◆ WHAT YOU HAVE TO DO: Return all of the data verbatim, dropping any picture.

◆ PROVIDED DATA:
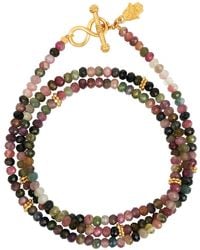 Karma and Luck - Tourmaline Wrap Bracelet – Energy & Growth Gemstone Jewelry – Infinite Aspiration - Lyst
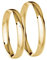 JC Trauringe Gold 333 Paarpreis Poliert I Traumhafte Eheringe breit 5 mm I Partnerringe Gelbgold mit Gravur in edler Schatulle I Klassische Hochzeitsringe Herrenring & Damenring mit Stein (Profil 5)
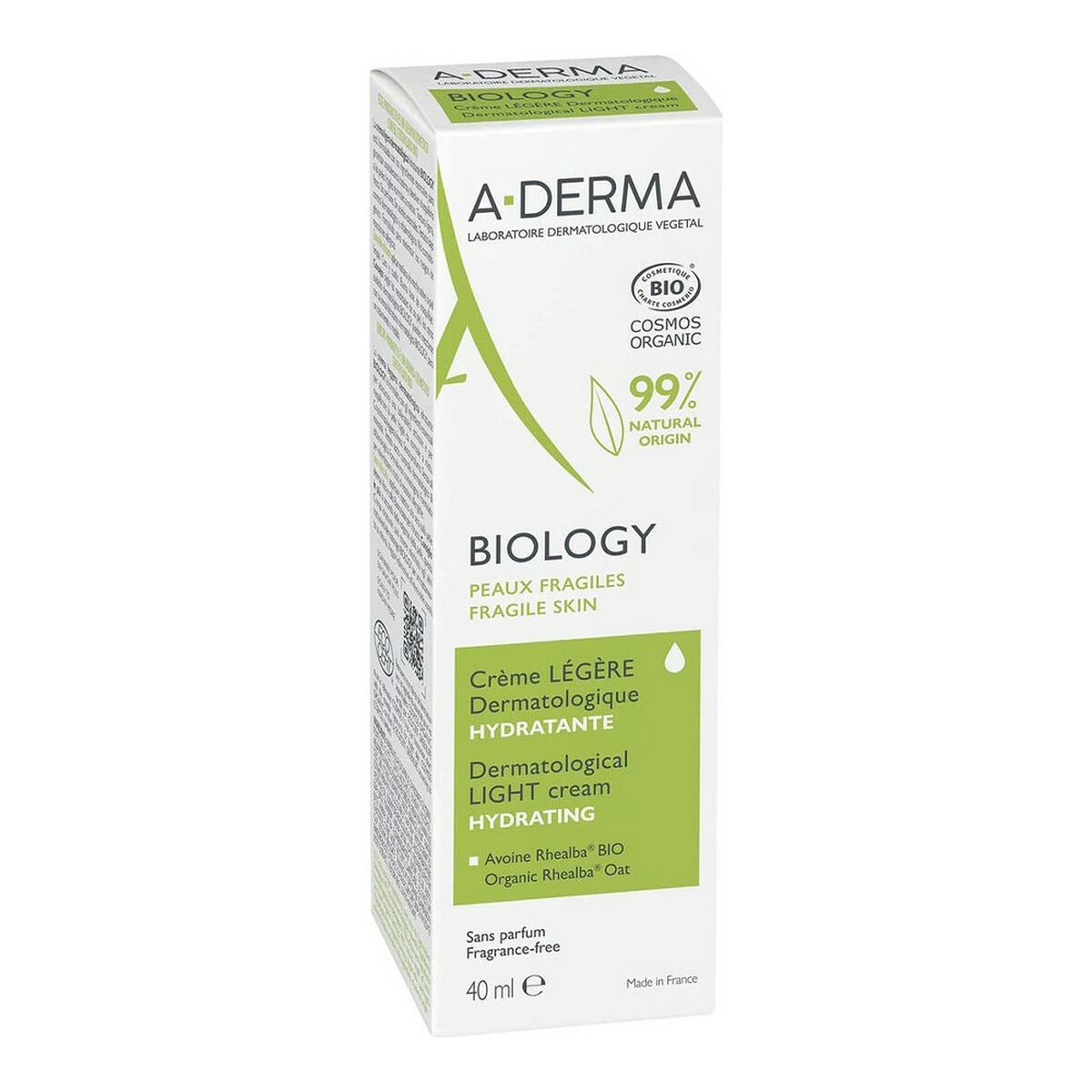 Crema Idratante A-Derma Biology Leggera (40 ml) 3 S0596687_1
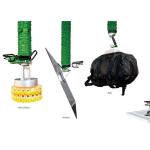 Black Vacuum Tube Lifter With Handler Control System And Suction Cup Lifting Mechanism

◆ OUTPUT OF THE TASK:
 Karma and Luck - Tourmaline Wrap Bracelet – Energy & Growth Gemstone Jewelry – Infinite Aspiration - Lyst
 JC Trauringe Gold 333 Paarpreis Poliert I Traumhafte Eheringe breit 5 mm I Partnerringe Gelbgold mit Gravur in edler Schatulle I Klassische Hochzeitsringe Herrenring & Damenring mit Stein (Profil 5)
 Crema Idratante A-Derma Biology Leggera (40 ml) 3 S0596687_1
 Black Vacuum Tube Lifter With Handler Control System And Suction Cup Lifting Mechanism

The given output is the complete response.